I mustn't let this book slip by without a short mention. Britain After Rome covers the period from the early 400's to the mid-11th Century in pre-Conquest Britain. From a peripheral part of the Roman Empire, we move into a very different world of British, Romano-British, Germanic and Scandinavian "interaction". Fleming has written a detailed and semi-academic book with some real history backed up by actual archaeology.

A little tough going at the start but as she says in the introduction, she wants to try and concentrate on the archaelogical record to uncloak as much of the ordinary life of the people of the period as possible. This means less concentration on the great lives, or written sources (such as they are) and more on burial custom, building and economy. Fleming only briefly covers Wales but this an interesting section on how the Viking micel here (Great Heathen Army, arriving around 865 AD) affected the Welsh kingdom of Brycheiniog.
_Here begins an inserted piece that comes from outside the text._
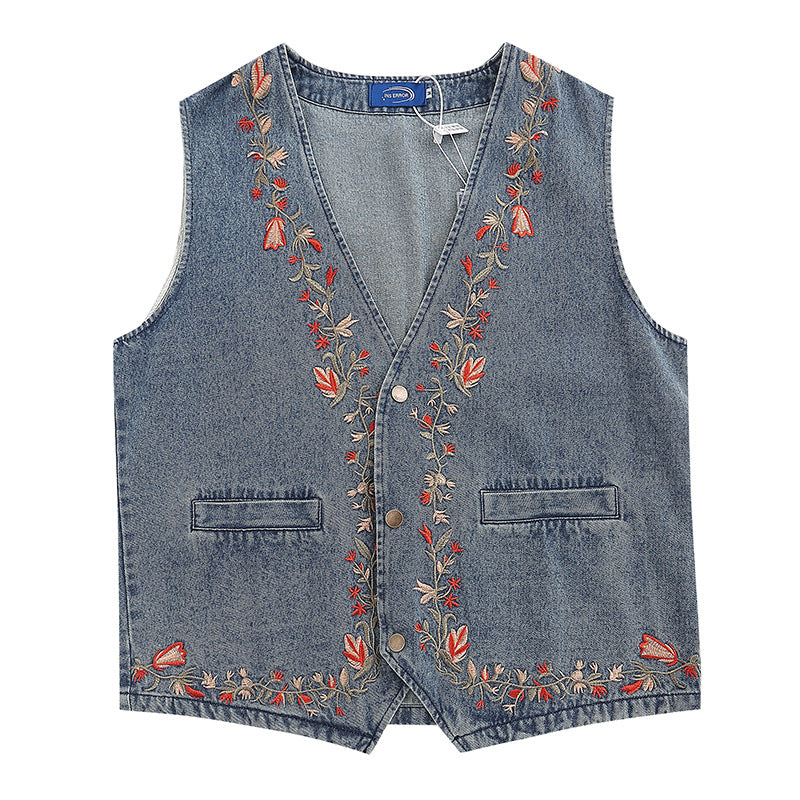 Unisex Denim Vest with Floral Embroidery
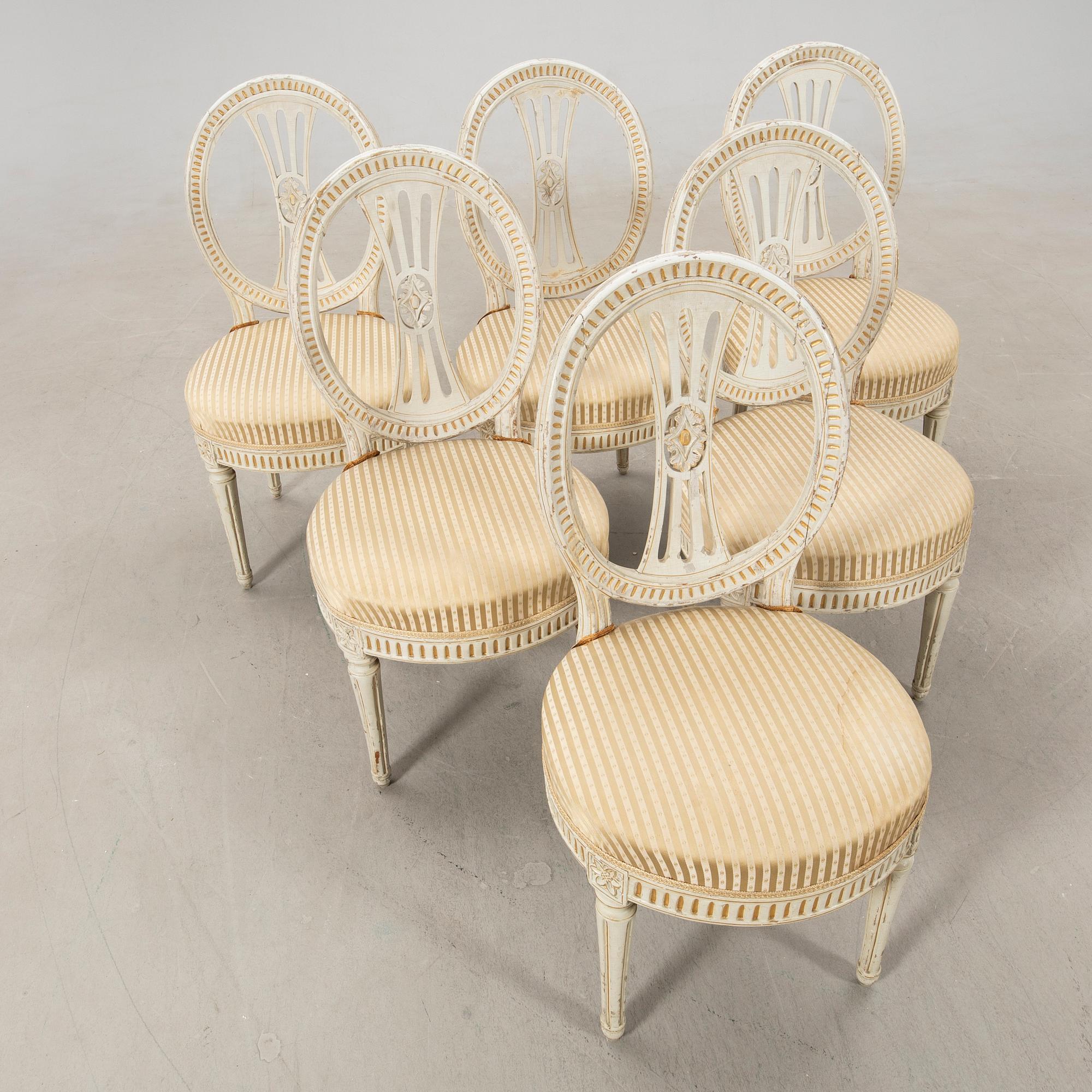 Chairs 6 pcs Sengustavian Lindomar work, first half of the 19th century.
Scotland and Ireland also figure less prominently although another interesting section covers the possible reason for finding the remains of a 9th or 10th century Yorkshire woman in a Viking/Norse cemetery in Cnip, Isle of Lewis :

How did an English-woman end up living at the center of a vast, Norse-colonial, North Atlantic world with a group of grave-goods-using Norse settlers? The most likely explanation is that viking slavers derailed her life in some unrecorded raid and, as a conequence of it, she spent her final years among foreigners who owned her.

One is often reminded about the ubiquity of slavery through-out history.

On the left: An Anglo-Saxon burial urn. The body was cremated and then placed in the urn and buried. There was a great variety of burial custom in use, including cremation and inhumation (burial of body in ground, either directly, or in a coffin of some form). Grave goods got less common as christianity took hold.

This is a book worth a read by anyone seriously interested in what might have happened in Britain during the six centuries that passed before the country's reintegration to the continent as part of the Duke of Normandy's domain.